• Task description: Go to the line that contains "Those influences were", then write out that line and all that follow to the end of the listing, exactly and without pictures.
────────────────────
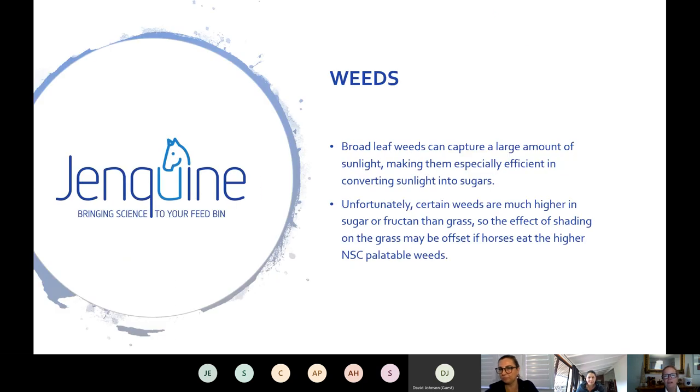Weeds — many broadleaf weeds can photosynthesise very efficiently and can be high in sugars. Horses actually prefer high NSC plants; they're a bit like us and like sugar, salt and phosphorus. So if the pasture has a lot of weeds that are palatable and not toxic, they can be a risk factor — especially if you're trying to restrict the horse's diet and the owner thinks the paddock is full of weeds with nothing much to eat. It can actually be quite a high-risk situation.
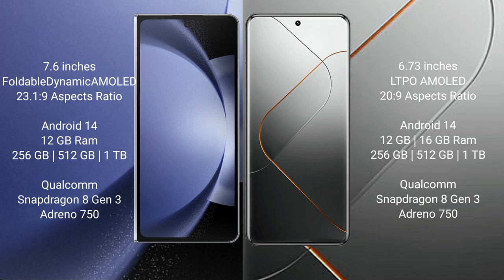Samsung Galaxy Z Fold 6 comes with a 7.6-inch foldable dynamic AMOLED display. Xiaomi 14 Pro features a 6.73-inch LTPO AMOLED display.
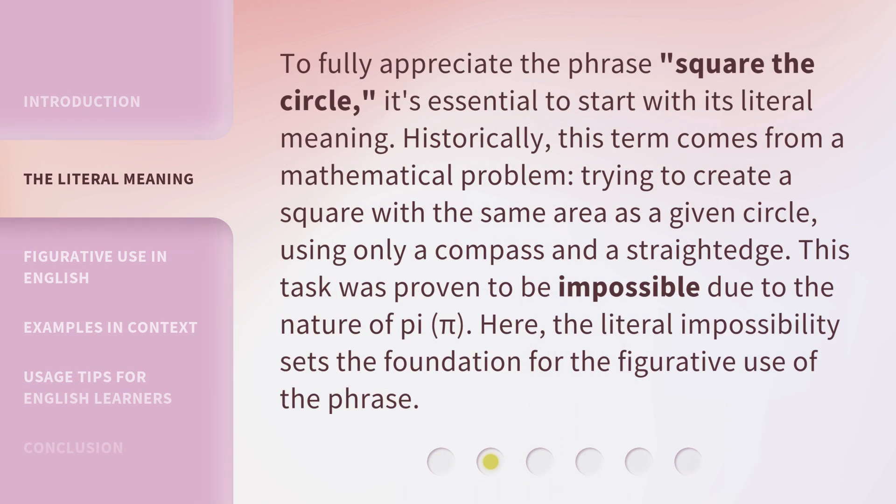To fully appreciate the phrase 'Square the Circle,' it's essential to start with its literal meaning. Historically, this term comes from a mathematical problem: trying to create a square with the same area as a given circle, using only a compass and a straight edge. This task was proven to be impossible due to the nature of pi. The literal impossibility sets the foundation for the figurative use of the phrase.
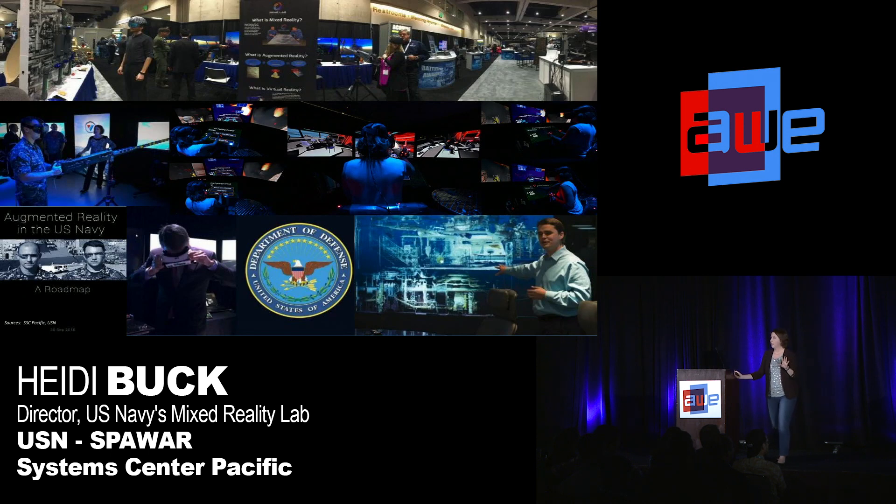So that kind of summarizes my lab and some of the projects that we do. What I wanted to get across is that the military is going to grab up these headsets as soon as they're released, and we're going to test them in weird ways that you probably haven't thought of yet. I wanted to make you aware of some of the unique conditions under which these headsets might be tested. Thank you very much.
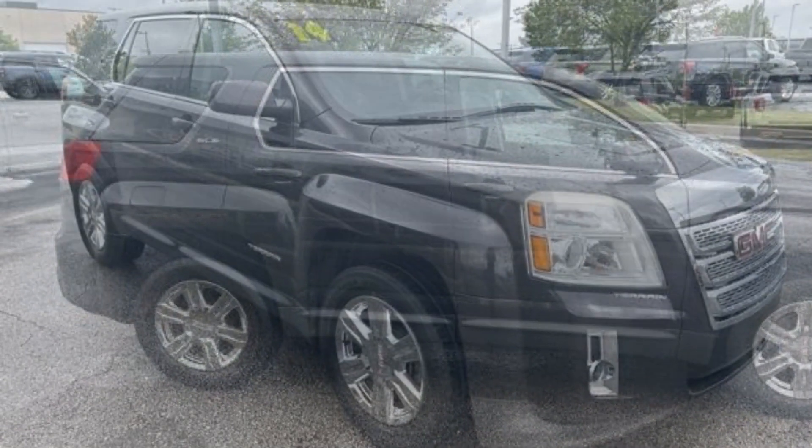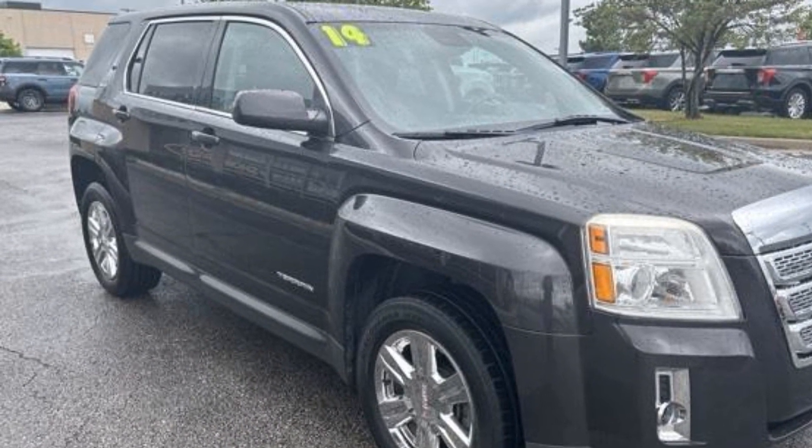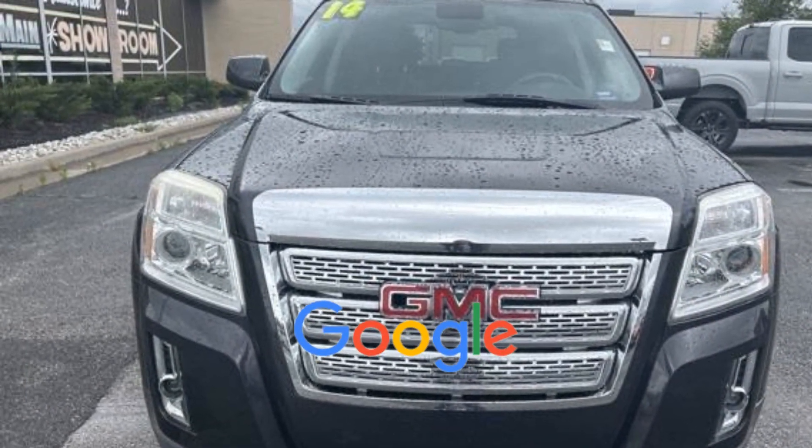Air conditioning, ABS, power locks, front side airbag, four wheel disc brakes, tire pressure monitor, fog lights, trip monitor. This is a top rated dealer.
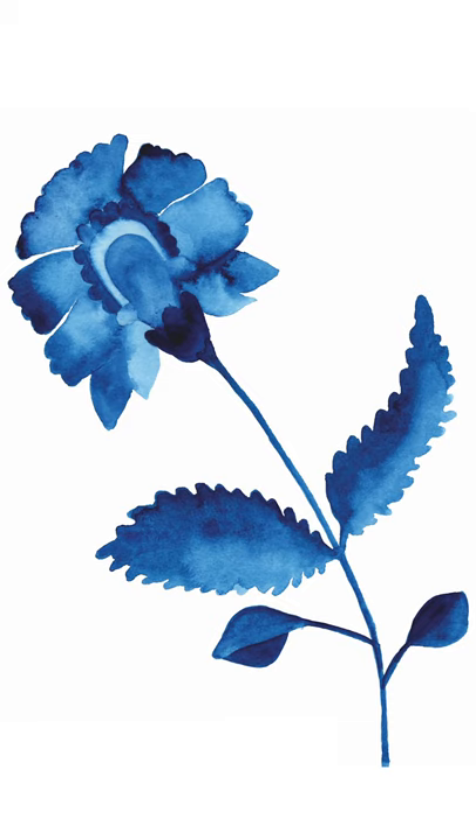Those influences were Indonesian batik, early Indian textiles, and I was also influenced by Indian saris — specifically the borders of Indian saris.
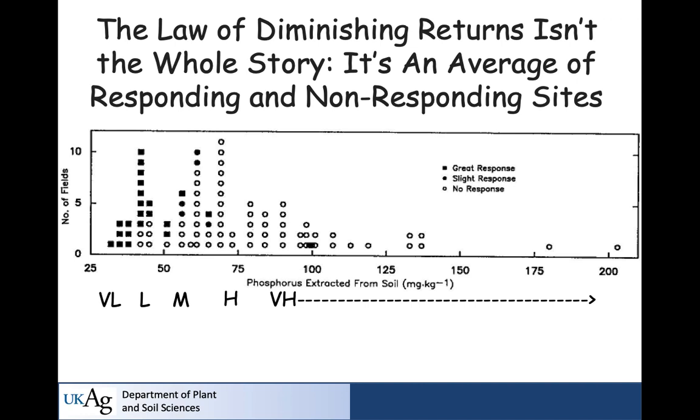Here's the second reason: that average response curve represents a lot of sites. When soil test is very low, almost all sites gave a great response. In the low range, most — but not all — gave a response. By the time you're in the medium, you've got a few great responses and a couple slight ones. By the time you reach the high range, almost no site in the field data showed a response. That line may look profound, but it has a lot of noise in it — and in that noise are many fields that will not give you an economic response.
────────────────────
• Exercise output:
Those influences were Indonesian batik, early Indian textiles, and I was also influenced by Indian saris — specifically the borders of Indian saris.
Here's the second reason: that average response curve represents a lot of sites. When soil test is very low, almost all sites gave a great response. In the low range, most — but not all — gave a response. By the time you're in the medium, you've got a few great responses and a couple slight ones. By the time you reach the high range, almost no site in the field data showed a response. That line may look profound, but it has a lot of noise in it — and in that noise are many fields that will not give you an economic response.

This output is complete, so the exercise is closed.